Eurydice et Orphée en papillons de lumière
Eurydice rejoint sa cousine Sérafina à Rio de Janeiro. Elle rencontre Orphée, conducteur de tramway et guitariste émérite. Ils ne tardent pas à tomber sous le charme l'un de l'autre. La ville est en ébullition, tout le monde met une touche final à son costume pour le carnaval. Eurydice, poursuivie par une personne portant un déguisement macabre, meurt électrocutée par un câble de tramway. Orphée, inconsolable, se met en quête de son amour perdue.
Le mythe d'Orphée revisitée et transposée à Rio en plein carnaval, il fallait oser ! Palme d'or à Cannes en 1959, l'audace paye, elle donne un ton très particulier au film, étirant le contraste entre d'un côté la vie, la joie, la musique, la couleur et de l'autre, la mort, le silence. Au niveau réalisation, Marcel Camus lorgne du côté du théâtre, avec une économie obtenue grâce à une grammaire élaborée sur la symbolique. Il donne aussi une place importante à l' aspect documentaire, en restituant sans fioriture le carnaval et ses parades.

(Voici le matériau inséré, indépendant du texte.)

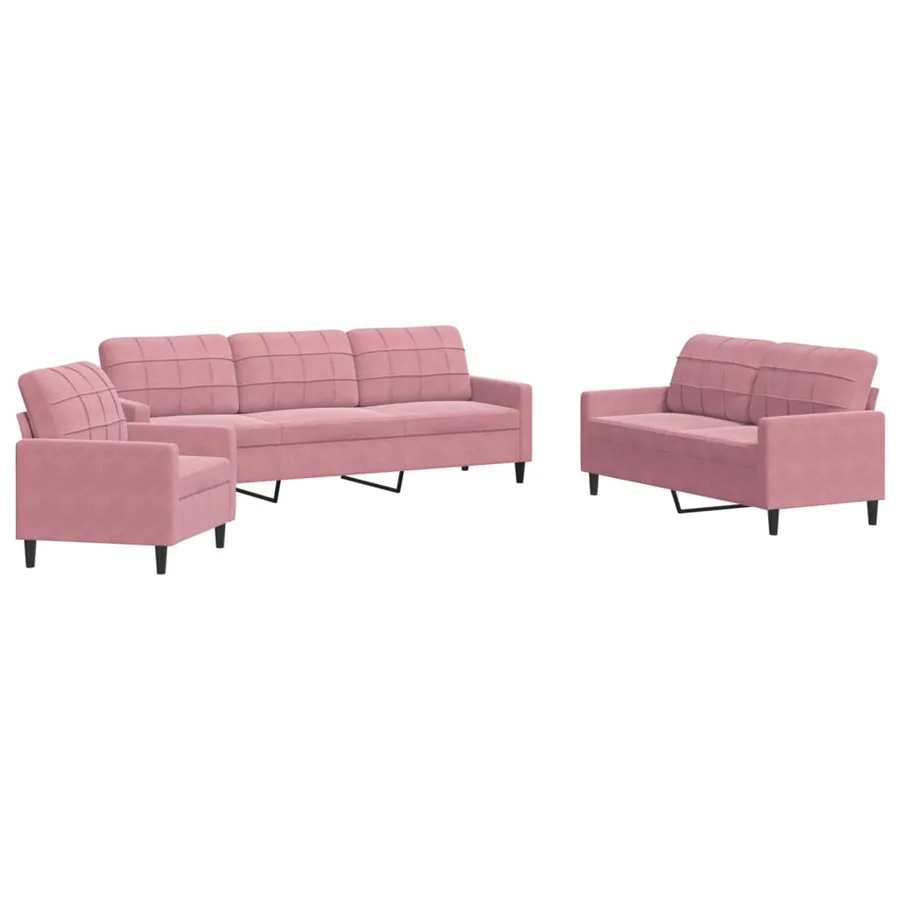 Ensemble de canapés 3 pcs avec coussins Rose Velours - 2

La distribution principalement noire fera glousser certes les historiens du cinéma, la musique composée spécialement pour le film ravira les amateurs, mais le temps hélas a jeté un voile pudique sur l'audace, la transformant en simple pari réussi. Le réalisme de Marcel Camus ne parvient pas tout à fait à dégager son propos du cliché du carnaval. Le Brésil paraît être une gigantesque fête ininterrompue, où même la tragédie sourit et danse la samba.
Je tenais néanmoins à finir sur une note positive. Deux séquences me resteront gravées. L'épisode de Charon, veilleur de nuit solitaire dans une administration immense et vide, où le Styx est matérialisé par des feuilles et des formulaires qui volent dans les courants d'air, saisit par sa poésie moderne. Et la cérémonie vaudou, point de départ de la remontée des enfers, mêlant néoréalisme et ésotérisme, est tout simplement captivante.